While Nithya and Jimmy are the focus, some smaller characters too are well developed. The character I didn’t fully buy into is Fida, for no fault of actor Anarkali Nazar. Of course potential lovers may transition into friends, but the manner in which they switch from being a possible couple to Fida becoming the person in whom Jimmy confides his love troubles is unconvincing. Likewise, there’s a physically abusive psychopath in the script who, so we are told, masks his true colours in the presence of everyone but his victims – yet on the only occasions when we see him with others, he is being aggressive. There is no natural progression towards his ultimate damning angry outburst which, while striking in itself, would have been well served if the lead-up to it had been fleshed out. This is unlike the writing of Jimmy’s father Abdulkhadar who is given time and room for his evolution that actor Ashokan captures so well. Another satellite player who gets her place in the sun is Merlin as Jimmy’s mother Khadeeja – the articulation of her joy when he visits the house during Ramadan is a compelling kick-off to a very important scene with the family.

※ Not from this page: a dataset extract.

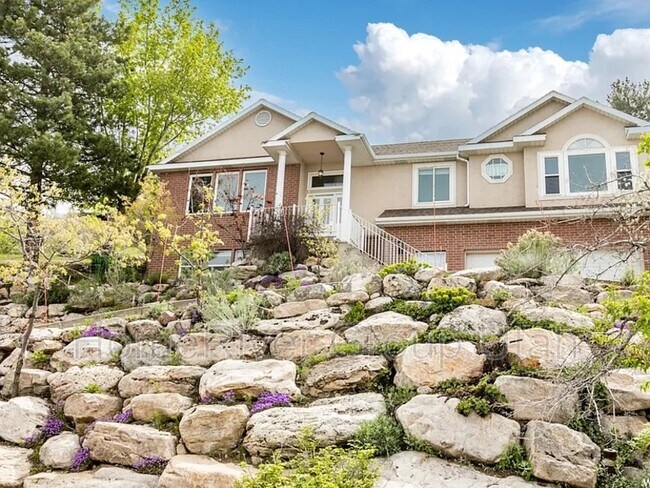 Building Photo - 4821 S Fortuna Way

Ntikkakkakkoru Premandaarnnu is more than its attractive packaging and sunny surface. Its protagonists have both known stifling relationships, many of its characters are in turmoil, yet the believability of its denouement left me with a warm, happy feeling. This and the sparks between the leads make it an endearing love story of the kind we just don’t get enough of these days. So while the good news is that Bhavana is back in Malayalam cinema, the great news is that that’s not the only good news – she’s back in a film worth rooting for.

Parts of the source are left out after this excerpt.